Saturday, March 27, 2010

Finally, i went out for the movie at least once in this month (if i'm not mistaken). The main reason is...i really out of budget. I'd watched 'Lovely Bones' which is a very meaningful movie. How meaningful it is, you got to find out yourself.=P

Recently, alot people keep asking me how long is my bond, am i going to work for AA forever? My answer is no, NO as in this current position for forever, i have another dream to achieve, another level to go after 1 or 1 and a half year. Is very difficult for me, but 'nothing is impossible'.

'Easy come; easy go'. I cannot tell what it is... But like the easy go, i don't like the easy come.

Time to bed...zZz....

Thursday, March 25, 2010

I can't believe myself being call up for flight when i am in S3. The feelings of being call up was pretty strong, but i can't believe my sixth sense is SO DAMN STRONG!!! I break my record, 30minutes to bath and get myself ready, 1hr30min to reach LCCT which is the longest time i'd never tried because of tha slow moving traffic. But coming back was a super duper smooth road where 45minutes i can reach home. Can you imagine how much different is that??? Luckily i reach office on time but late for sign on, late reason: call up for flight. The whole set of crews were being call up, me, another two crew were so blur, because we already in off day mode. Aihx...still not perfect yet.

It has been quite a while i didn't update for my blog. Few days back, i was happy working... When there's someone waiting for you after flight, that's pretty nice. It really motivates you a lotsSs.

Is time to bed...zZz...

Friday, March 19, 2010

Friends

Everyday blogging seems bored to me, once in a while... I will come out with new things and new thoughts.

Today is the third day i'm staying at home, without going out for any movie, besides 'The Curve' and lunch at somewhere, which is very nice. Sometimes, i really enjoy staying at home, lie on the sofa, watch tv or read a story book. But, cannot over-do.

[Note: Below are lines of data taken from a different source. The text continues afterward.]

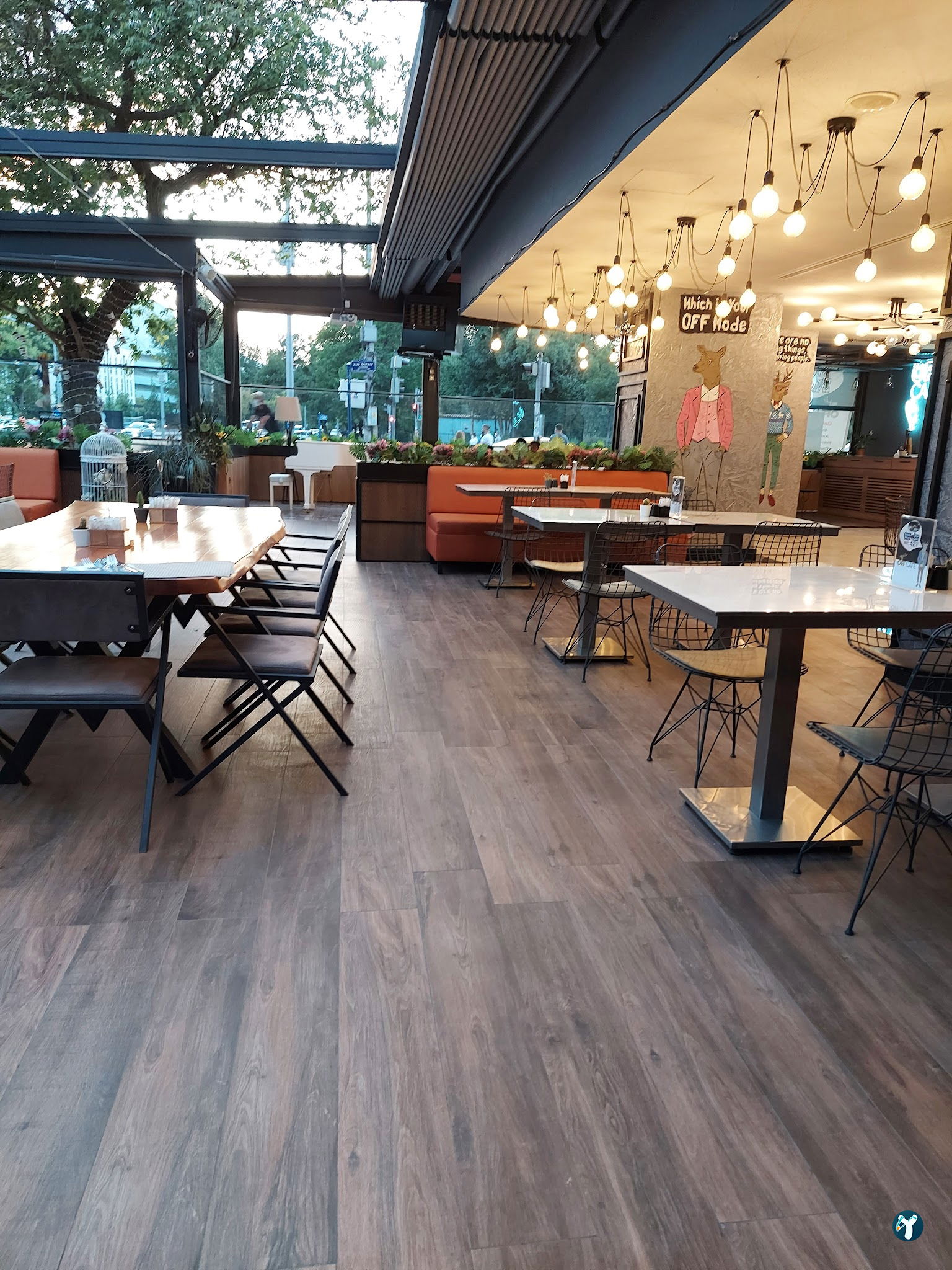 Off Cafe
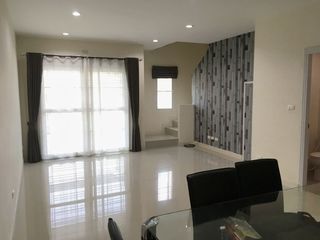 出售 3 卧室 联排别墅 在 Mueang Chiang Mai, Chiang Mai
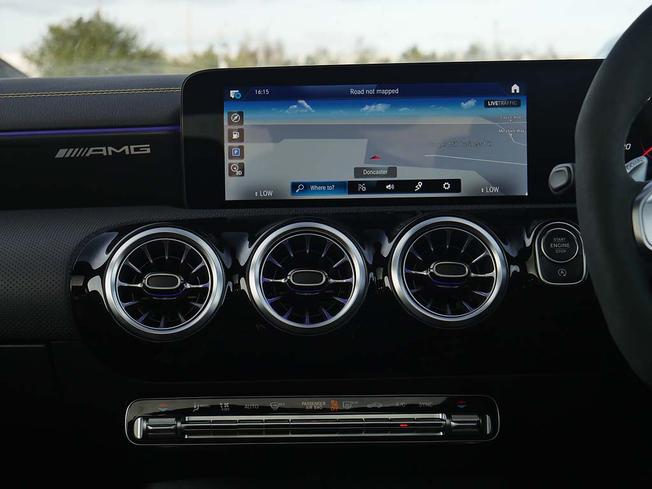 MERCEDES-BENZ Cla Class Photo 50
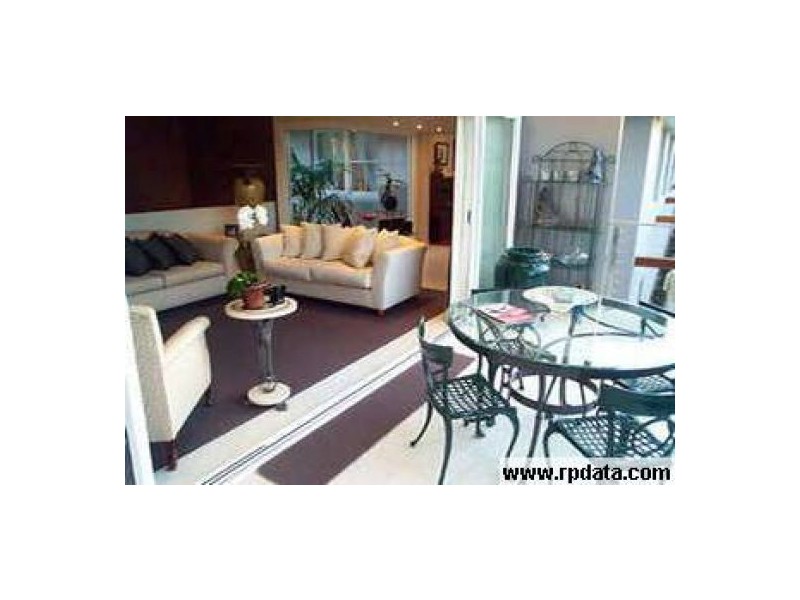 68 Wylie Avenue, Coorparoo QLD 4151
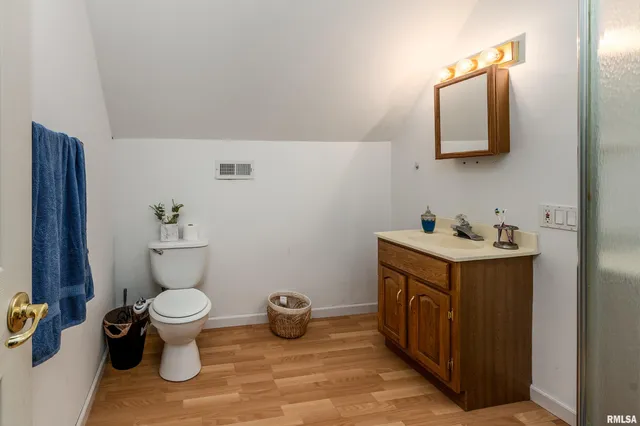 $259,900 | 22 Smith Road, Nashville, IL 62263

After three months of flying, i did experience something different. My lifestyle change, my social life is changing too. Sometimes working on board is really happy when you get a nice set of crew, best of the best when you get to contact with them STILL, even though after end of work, that's the best part. This is where you get to know more friends. Thanks to Facebook and MSN=) and i'm really looking forward to work with them again.

Two more weeks of working and that will be end of March, time passed pretty fast. April full is coming soon...=)

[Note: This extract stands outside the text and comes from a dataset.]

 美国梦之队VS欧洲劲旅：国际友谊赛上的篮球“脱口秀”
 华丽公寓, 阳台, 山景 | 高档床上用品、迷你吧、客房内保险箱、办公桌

p/s: i cannot on9 too often because my laptop is in ICU, don't miss me=P

Thursday, March 18, 2010

Not again???!!!

My laptop is terminated once again!!! Damn it!!! I just fix it not more than 3 or 4 months. My gosh, i don't want to spend another few K to buy a new one, i like my laptop because it is 'unique'=P What the hell!!!

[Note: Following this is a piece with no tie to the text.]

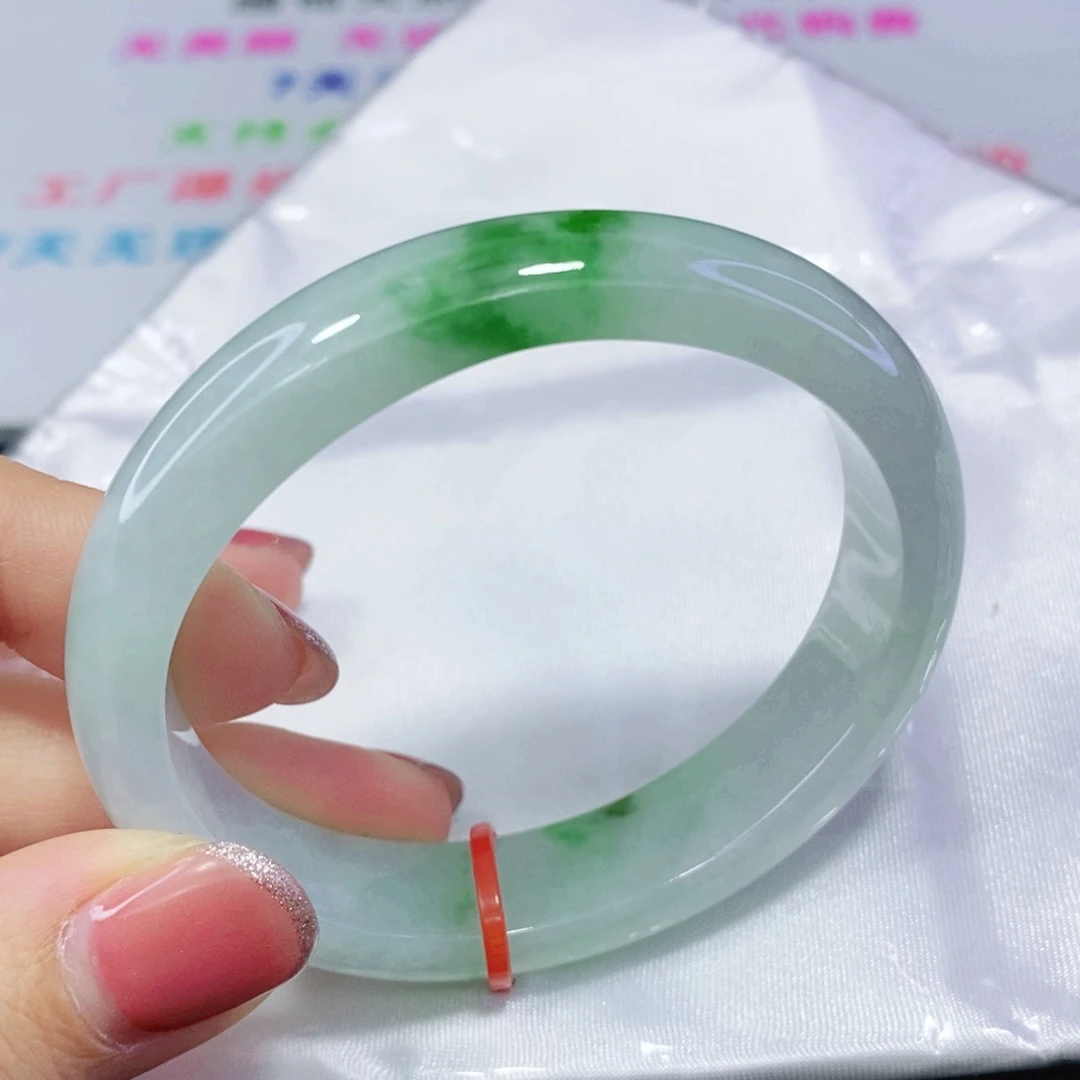 未镶嵌手镯（贵妃镯）翡翠54.6圈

By the way, i had a great lunch somewhere nearby Mid valley, taste not bad, and it's cheap, environment is just nice. I should go again next time.

I still feel MOODY!!!

Friday, March 12, 2010

Learn

'Everyday is a learning process'

I just can't SMILE right now, i feel so down, so upset, so moody. Why most of the time things cannot be perfect? Today is definitely not my day. I keep convincing myself try to be happy and...'learn from mistake'. Three months already, why can't i just do it perfectly.

Thursday, March 11, 2010

I...
Don't know what else to blog...
Two days of off days finally end... I will be going back soon. This time is a little bit weird, because i feel like working. Probably is because i want the time to pass faster. I want to see my roster for next month, i want to get my salary for last month. Yohoo!!! Can't wait man... After i'm back, will be starting the third week of the month.

Nothing to say...
I'm off...

Wednesday, March 10, 2010

So...here i am back to my sweet home. For the passed few days, my routines were all the same but i pretty enjoying it.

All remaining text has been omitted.